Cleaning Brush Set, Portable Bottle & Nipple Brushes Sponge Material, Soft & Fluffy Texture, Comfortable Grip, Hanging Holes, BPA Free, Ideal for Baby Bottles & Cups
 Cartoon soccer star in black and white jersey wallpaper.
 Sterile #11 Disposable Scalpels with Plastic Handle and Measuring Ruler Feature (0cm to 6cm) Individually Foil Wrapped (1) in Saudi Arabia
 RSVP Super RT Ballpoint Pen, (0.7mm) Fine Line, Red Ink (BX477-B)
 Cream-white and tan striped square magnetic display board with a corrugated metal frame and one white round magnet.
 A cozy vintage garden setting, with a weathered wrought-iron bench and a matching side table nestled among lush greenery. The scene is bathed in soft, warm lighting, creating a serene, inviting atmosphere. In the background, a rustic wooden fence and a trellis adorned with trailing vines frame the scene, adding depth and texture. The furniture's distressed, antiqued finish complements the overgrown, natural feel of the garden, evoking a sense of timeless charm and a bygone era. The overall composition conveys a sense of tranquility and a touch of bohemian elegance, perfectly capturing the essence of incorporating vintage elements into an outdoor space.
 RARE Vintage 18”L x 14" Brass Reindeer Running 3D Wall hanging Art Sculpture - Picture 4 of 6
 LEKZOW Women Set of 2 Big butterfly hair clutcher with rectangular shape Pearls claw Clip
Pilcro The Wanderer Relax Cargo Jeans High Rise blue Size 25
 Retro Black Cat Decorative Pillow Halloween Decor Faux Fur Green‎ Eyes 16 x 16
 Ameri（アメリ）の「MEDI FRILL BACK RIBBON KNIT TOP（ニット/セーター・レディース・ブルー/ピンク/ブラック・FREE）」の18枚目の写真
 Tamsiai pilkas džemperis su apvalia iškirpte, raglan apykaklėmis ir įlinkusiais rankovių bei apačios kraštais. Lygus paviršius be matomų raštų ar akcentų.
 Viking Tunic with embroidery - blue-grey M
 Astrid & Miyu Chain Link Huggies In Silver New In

◆ ◆ ◆

● What to produce
Extract all of the data above without altering anything.

● Result below
Cleaning Brush Set, Portable Bottle & Nipple Brushes Sponge Material, Soft & Fluffy Texture, Comfortable Grip, Hanging Holes, BPA Free, Ideal for Baby Bottles & Cups
 Cartoon soccer star in black and white jersey wallpaper.
 Sterile #11 Disposable Scalpels with Plastic Handle and Measuring Ruler Feature (0cm to 6cm) Individually Foil Wrapped (1) in Saudi Arabia
 RSVP Super RT Ballpoint Pen, (0.7mm) Fine Line, Red Ink (BX477-B)
 Cream-white and tan striped square magnetic display board with a corrugated metal frame and one white round magnet.
 A cozy vintage garden setting, with a weathered wrought-iron bench and a matching side table nestled among lush greenery. The scene is bathed in soft, warm lighting, creating a serene, inviting atmosphere. In the background, a rustic wooden fence and a trellis adorned with trailing vines frame the scene, adding depth and texture. The furniture's distressed, antiqued finish complements the overgrown, natural feel of the garden, evoking a sense of timeless charm and a bygone era. The overall composition conveys a sense of tranquility and a touch of bohemian elegance, perfectly capturing the essence of incorporating vintage elements into an outdoor space.
 RARE Vintage 18”L x 14" Brass Reindeer Running 3D Wall hanging Art Sculpture - Picture 4 of 6
 LEKZOW Women Set of 2 Big butterfly hair clutcher with rectangular shape Pearls claw Clip
Pilcro The Wanderer Relax Cargo Jeans High Rise blue Size 25
 Retro Black Cat Decorative Pillow Halloween Decor Faux Fur Green‎ Eyes 16 x 16
 Ameri（アメリ）の「MEDI FRILL BACK RIBBON KNIT TOP（ニット/セーター・レディース・ブルー/ピンク/ブラック・FREE）」の18枚目の写真
 Tamsiai pilkas džemperis su apvalia iškirpte, raglan apykaklėmis ir įlinkusiais rankovių bei apačios kraštais. Lygus paviršius be matomų raštų ar akcentų.
 Viking Tunic with embroidery - blue-grey M
 Astrid & Miyu Chain Link Huggies In Silver New In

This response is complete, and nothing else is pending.